It reduces noise and smooths ink flow into the printer cartridge
10. As commonly understood, ink flow at the pump outlet (being pump
out by the pump) has gained high pressure. The pressure increase is
pulsile as a consequence of the pump 30. The high pressure
increases flow rate significantly. Although this high pressure is
desired to transport the ink and force it to fill into printer
cartridge 10, it also introduces air bubbles as ink is being forced
out of the pump like a jet stream. The damper 80 absorbs the pulses
and reduces bubbles and thus smooths the ink flow before it is
filled into the printer cartridge 10. It therefore, significantly
improves both the ink quality and fill ability of the system.
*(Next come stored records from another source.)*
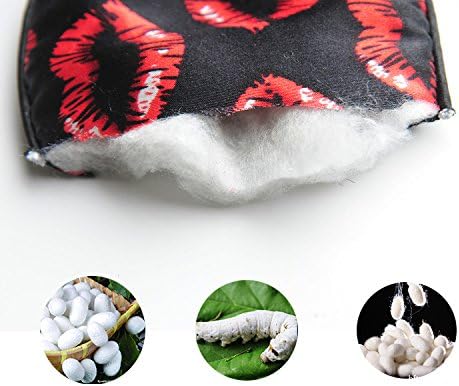 100% Mulberry Silk Sleep Mask Blackout, Cute Natural Sleeping Mask - Image 6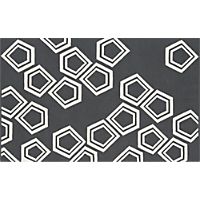 polygon dhurrie charcoal rug 5'x8'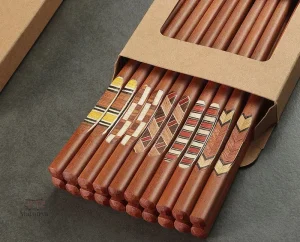 Baguette Bohème, artisanale et élégante, en bois massif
[0095] When the filling is completed successfully (i.e. all ink
from the ink chamber 21 in the ink replenishment cartridge 20 has
been fully consumed) sensor S1 detects that ink is absent in the
supply channel. The control electronic picks up the signal and
stops the ink filling process immediately. It then activates the
final vacuum process for a pre-determined period of time. The final
vacuum process reduces internal pressure in the printer cartridge
10 and removes air at the nozzle area 60. The final vacuum process
also serves as a priming process to ensure that air bubbles are
removed from nozzle 60 and fills all nozzles with ink so that it
will be ready for printing immediately. The reduced pressure in the
internal chamber of the printer cartridge also ensures no leaking
of ink when it is removed from the device.
[0096] With the filling process successfully completed, the control
electronics change the LED L1 to display orange color light
indicating that the filling has been completed successfully. The
start button switch B1 will be disabled thus the system will not
start another filling cycle. At this stage, the door can be opened
and both the printer cartridge 10 and ink replenishment cartridge
20 can be taken out from the device. The printer cartridge 10 is
ready to the used again and the empty ink tank 20 can be disposed
off.
[0097] As a safety measure, in case the ink in the ink chamber 21
in the ink replenishment cartridge 20 is not consumed completely in
the pre-determined period of time (e.g. 5 minutes), such as when
the user drops in a half used printer cartridge (i.e. there is
still plenty of unused ink in the printer cartridge), the control
electronics will stop the filling process and perform the final
vacuum process. At the end of the process, the control electronic
change the LED L3 to display red blinking light indicating that the
filling has stop after a pre-determined period of time.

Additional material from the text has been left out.